Irish PM says EU has upper hand in Brexit trade talks with UK
LONDON (Reuters) – Irish Prime Minister Leo Varadkar said the European Union will have the upper hand in post-Brexit trade talks with the United Kingdom and questioned Prime Minister Boris Johnson’s timetable of striking a deal by the end of the year, the BBC reported.
Varadkar, in an interview with the BBC, compared the two sides to soccer teams and suggested that the EU would have the “stronger team” due to its larger population and market.
“The European Union is a union of 27 member states. The UK is only one country.
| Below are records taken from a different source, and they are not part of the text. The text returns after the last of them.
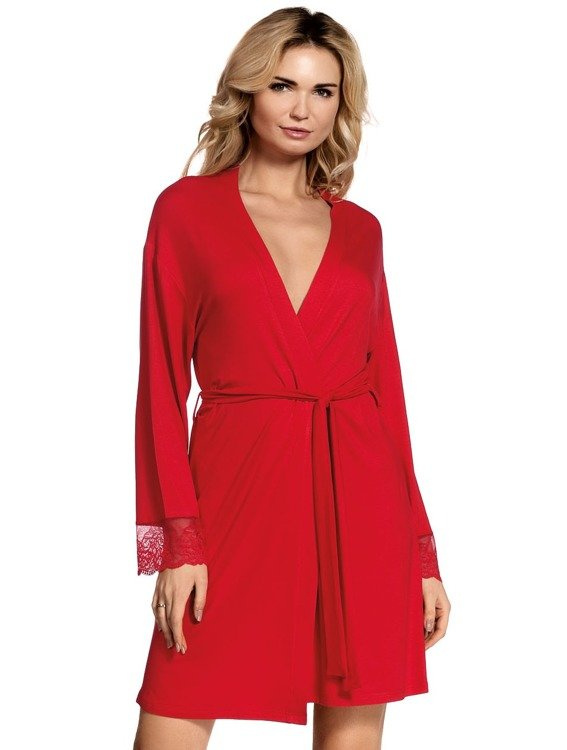 412 Dagmara Szlafrok damski Krótki Forex - czerwony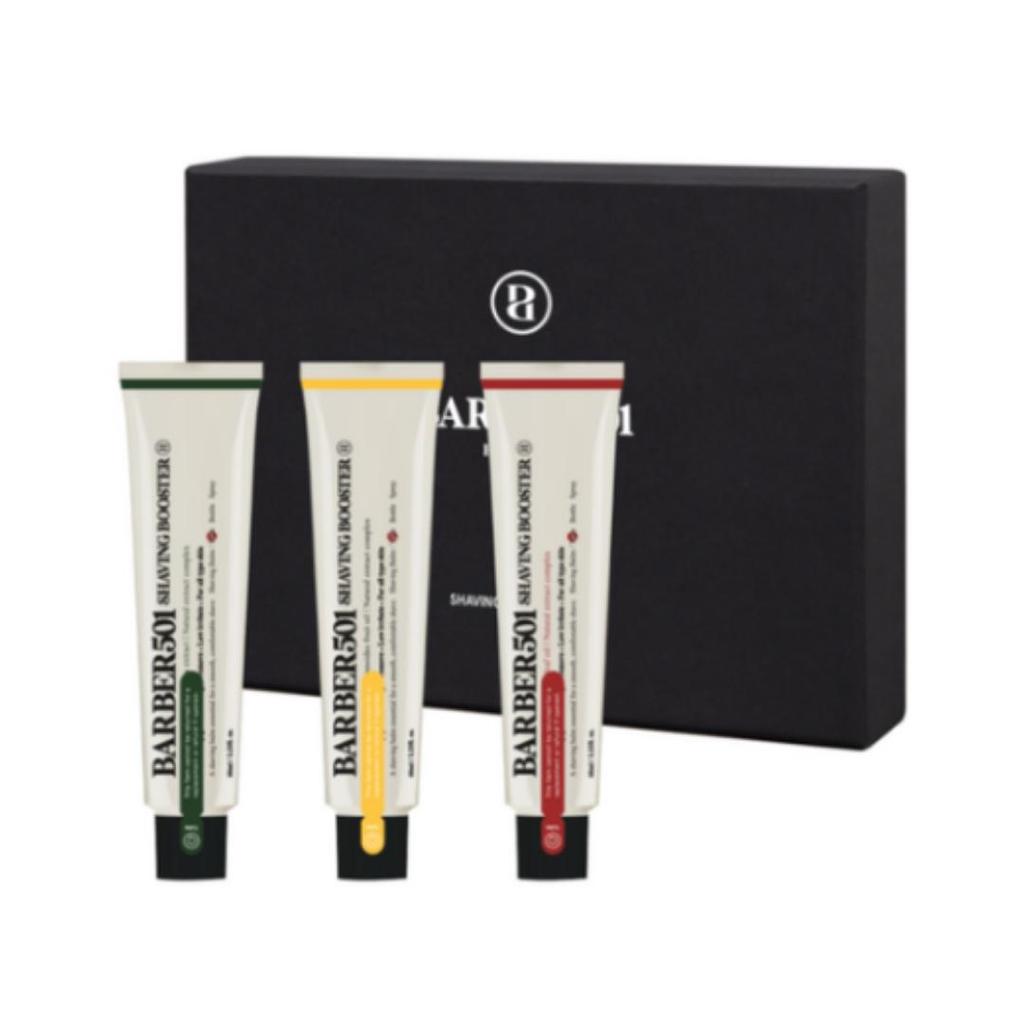 Barber501 Shaving Booster Shave Cream Set — Red 66 ml, Yellow 66 ml, Green 66 ml (3‑pack)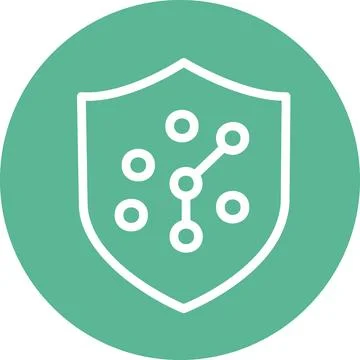 Green Circle Shield Molecule Security Icon 스톡 일러스트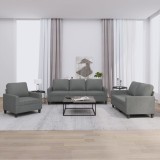 vidaXL Set de canapele cu perne, 3 piese, gri &icirc;nchis, textil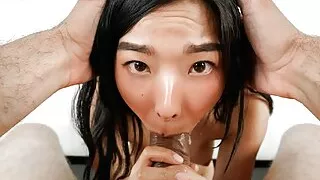 Throated - Asian Babe Loves To Take A Big Cock In Her Mouth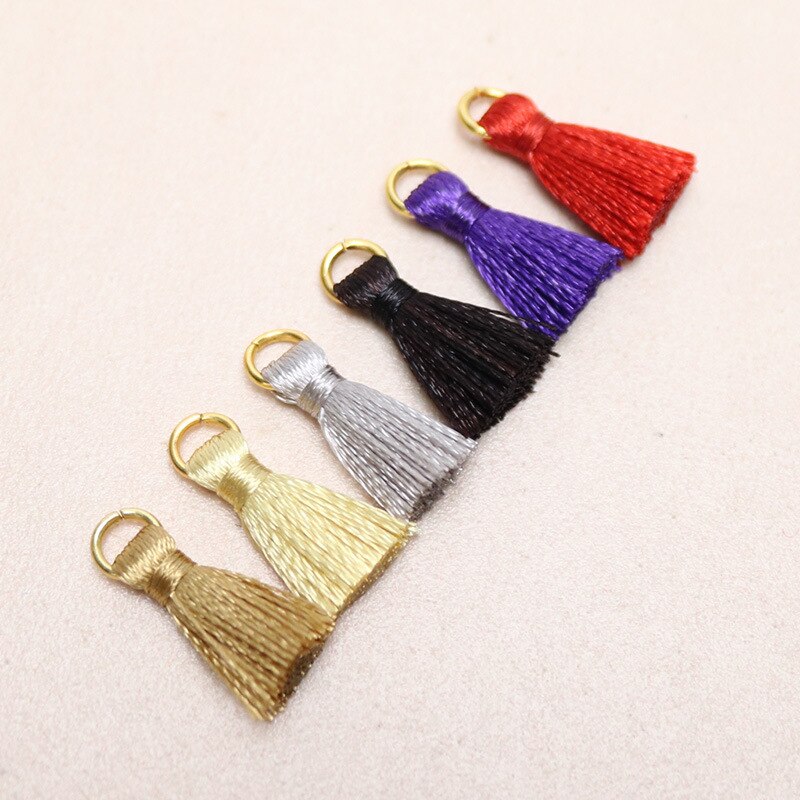 Colgante de borlas de hilo de algodón de 2cm, accesorio de joyería, con adornos de flecos pequeños, para manualidades, DIY, 20 piezas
And we have a population and a market of 450 million people,” he told the BBC.
When asked about Johnson’s aim of getting a deal by the end of 2020, he said: “It will be difficult to do this”.
To get a trade deal, the United Kingdom would have to give legal assurances that it would not undercut the EU, Varadkar said.
The Irish PM added that both sides would have to agree to a “common set of minimum standards” that would have to be “high standards”.
He said he had feared last year that the United Kingdom would leave the EU without a deal but that a meeting he had with Johnson in October had been a breakthrough.
Varadkar, though, cautioned that there will be have to be some checks on goods going from Britain into Northern Ireland, despite Johnson’s repeated insistence that there will not have to be.